The lines from the one containing "Scrutiny levels by google YMYL industries" through the last line below, both ends included, must be reproduced exactly, with no pictures.

### Information shown

BEGIN

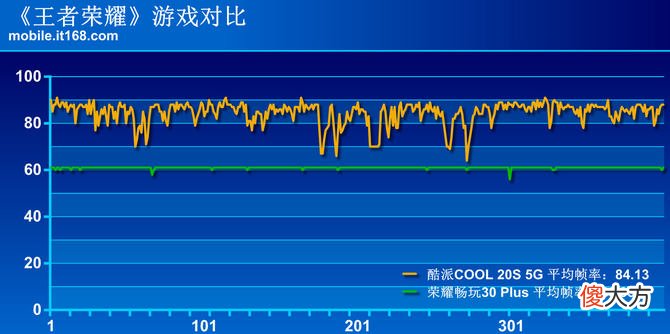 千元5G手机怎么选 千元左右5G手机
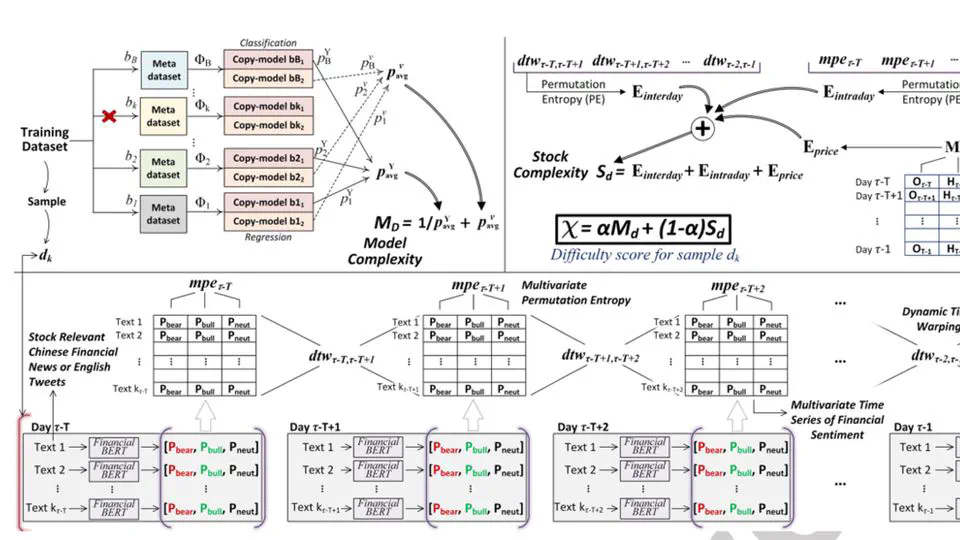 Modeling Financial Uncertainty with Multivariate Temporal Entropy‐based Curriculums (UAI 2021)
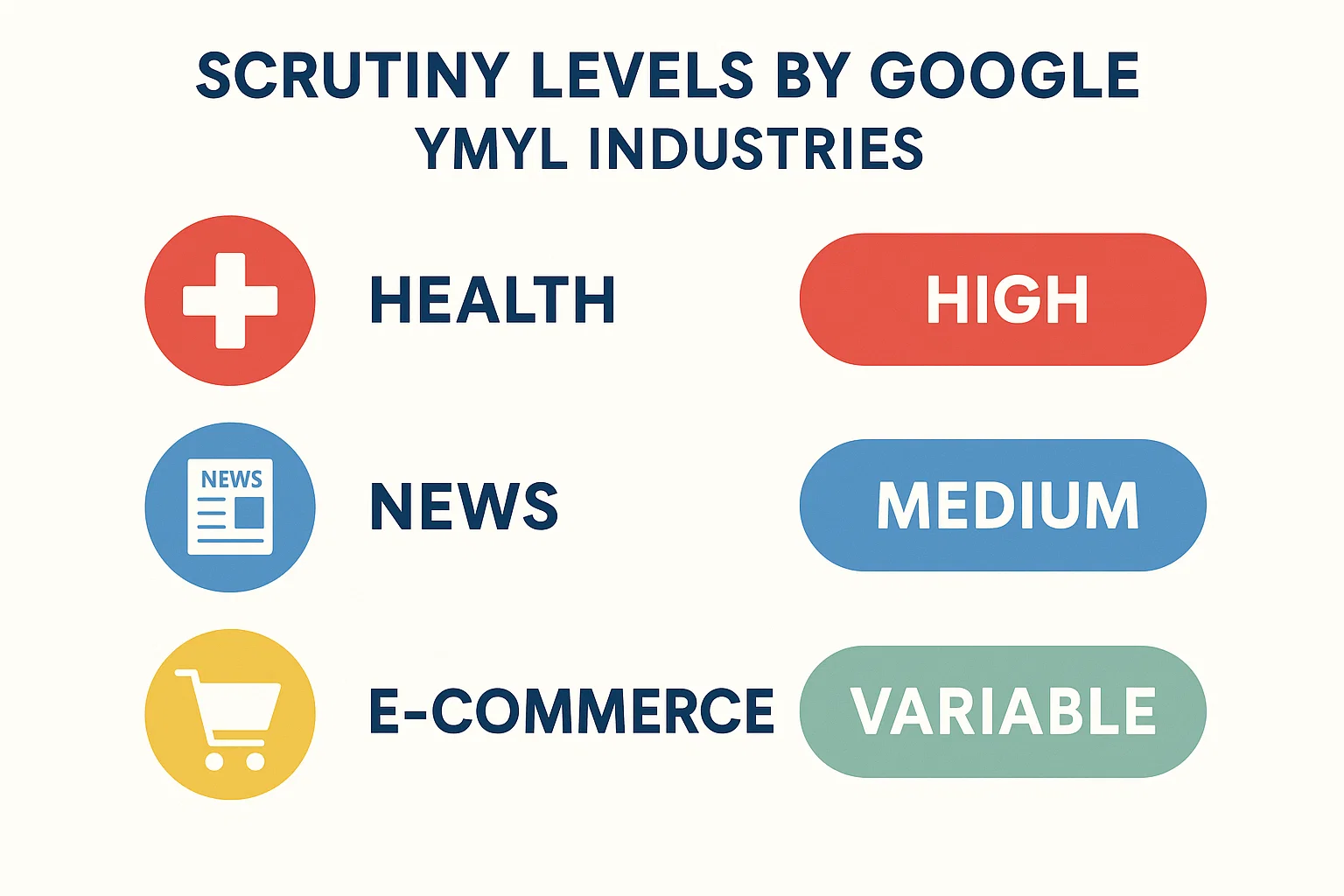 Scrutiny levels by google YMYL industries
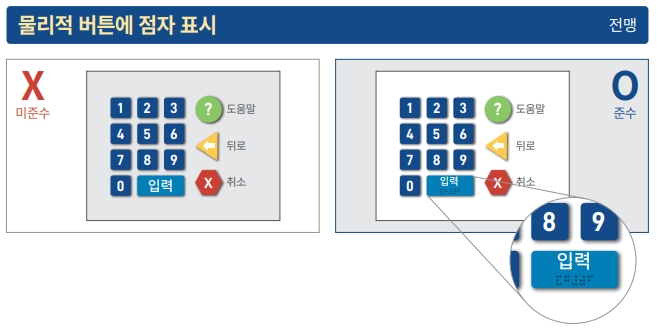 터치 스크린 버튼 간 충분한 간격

END

### Result for this task
 Scrutiny levels by google YMYL industries
 터치 스크린 버튼 간 충분한 간격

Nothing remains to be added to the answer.